I disagree. I watched the removal of God not just from the classroom but from many public places. The ACLU was allowing us to practice our religion by their rules. They sued cities for having a Nativity in front of their City Hall, and removed “religious monuments” from public places. These things were crimes? They put themselves there by themselves? I watched a video of a priest laying prostrate across the stone steps of a building as a stone carving of the Bible was taken out. This is a crime? In a nearby community, shopkeepers would play Christmas music from speakers attached to the outside of their stores. Then the City Council heard a complaint and passed an ordinance that said you could play the music but without the words. Imagine “Silent Night” without the words.

In one of the news weeklies, I saw a photo of a man carrying a sign that read: “America! Get off your knees!”

Peace,
Ed
Well, Jesus did warn us, in the end times, just practicing christianity would become a crime, and people would be imprisoned, tortured and killed for such things…we are getting pretty close to all of those, and it is happening already in some parts of the world…pretty scary if you ask me!!

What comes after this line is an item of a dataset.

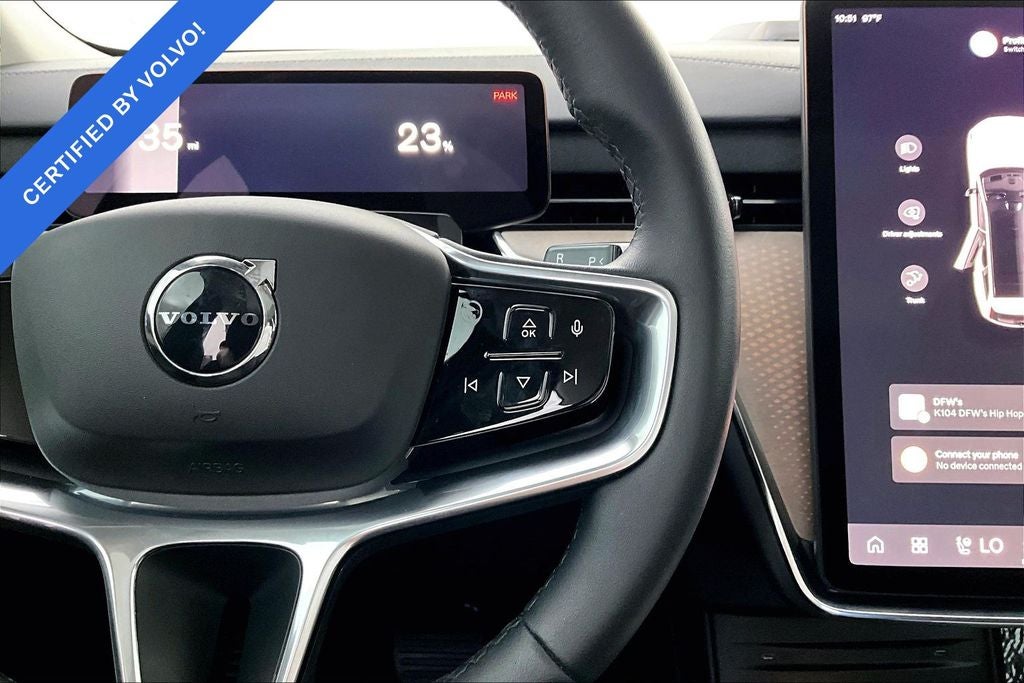 2025 Volvo EX90 Twin Motor Performance Plus 7-Seater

Plus, it may be true all these schools and cites criminalize christianity, but they dont dare do the same with Islam, hinduism, or other religions…someone needs to remind these places, if they are going to condemn one religion,they must condemn them all…lets see what happens then!
 
Absence of religion?
No one is telling you not to teach your child religion.
Are you saying that if your child had no religion in their public school, then they would have no access at all to religion and deities?
You would not take your child to church every Sunday or pray before meals or have bible study classes, etc?
Are you depending on the classroom to be the place to teach your child about Catholicism?

Religions have many different “creation stories”.
Which one, exactly, are you wanting children to learn?

And, by the way, Religion and History classes are indeed available in many schools. And these classes do teach various creation stories if different religions and civilizations.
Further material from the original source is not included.